___ Input ___

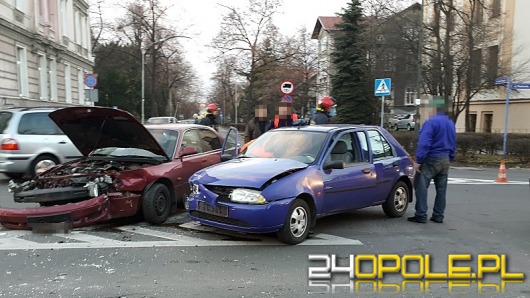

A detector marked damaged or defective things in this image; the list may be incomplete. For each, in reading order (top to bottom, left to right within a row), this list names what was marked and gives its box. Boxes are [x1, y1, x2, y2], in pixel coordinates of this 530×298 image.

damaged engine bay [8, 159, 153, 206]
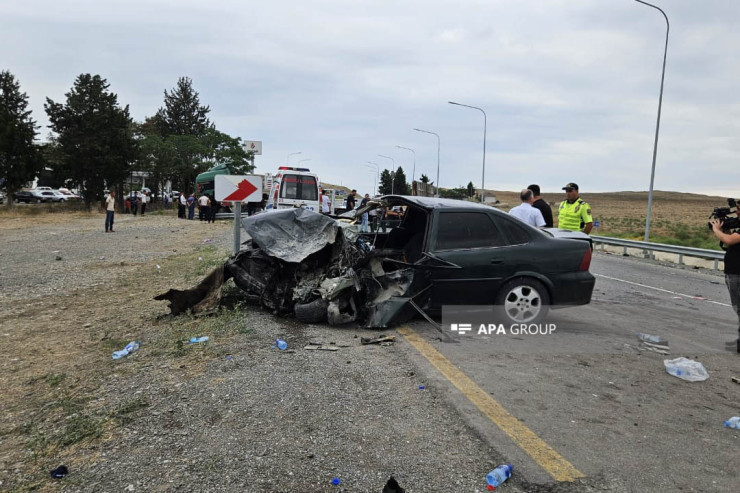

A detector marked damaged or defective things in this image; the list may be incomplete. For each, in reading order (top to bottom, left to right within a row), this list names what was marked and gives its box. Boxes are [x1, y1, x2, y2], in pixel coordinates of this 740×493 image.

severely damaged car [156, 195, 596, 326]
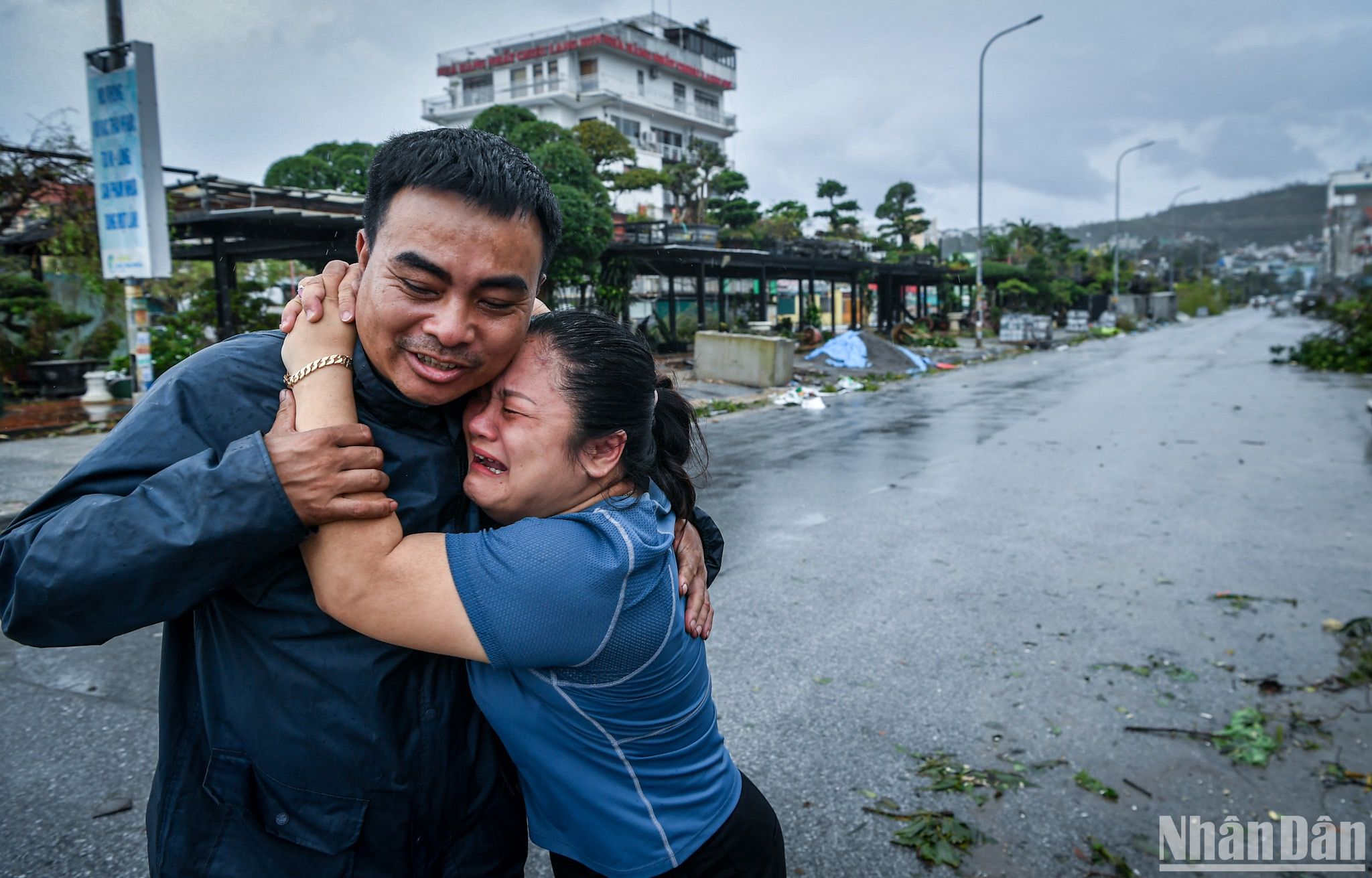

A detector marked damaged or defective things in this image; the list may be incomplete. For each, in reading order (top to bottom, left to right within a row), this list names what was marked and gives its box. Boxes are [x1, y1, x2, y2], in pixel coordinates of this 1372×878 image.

___

Work request: Leave out the pictures, and extract exactly the lines from the one with "this 740×493 image." through the end of the records, both ends included.

Finished task:
A detector marked damaged or defective things in this image; the list may be incomplete. For each, in reading order (top to bottom, left to right within a row), this list names what was marked and gives its box. Boxes are [x1, y1, x2, y2], in pixel coordinates of this 740×493 image.

severely damaged car [156, 195, 596, 326]

A detector marked damaged or defective things in this image; the list may be incomplete. For each, in reading order (top to bottom, left to right within a row), this list names what was marked and gives its box. Boxes are [x1, y1, x2, y2], in pixel coordinates of this 1372×878 image.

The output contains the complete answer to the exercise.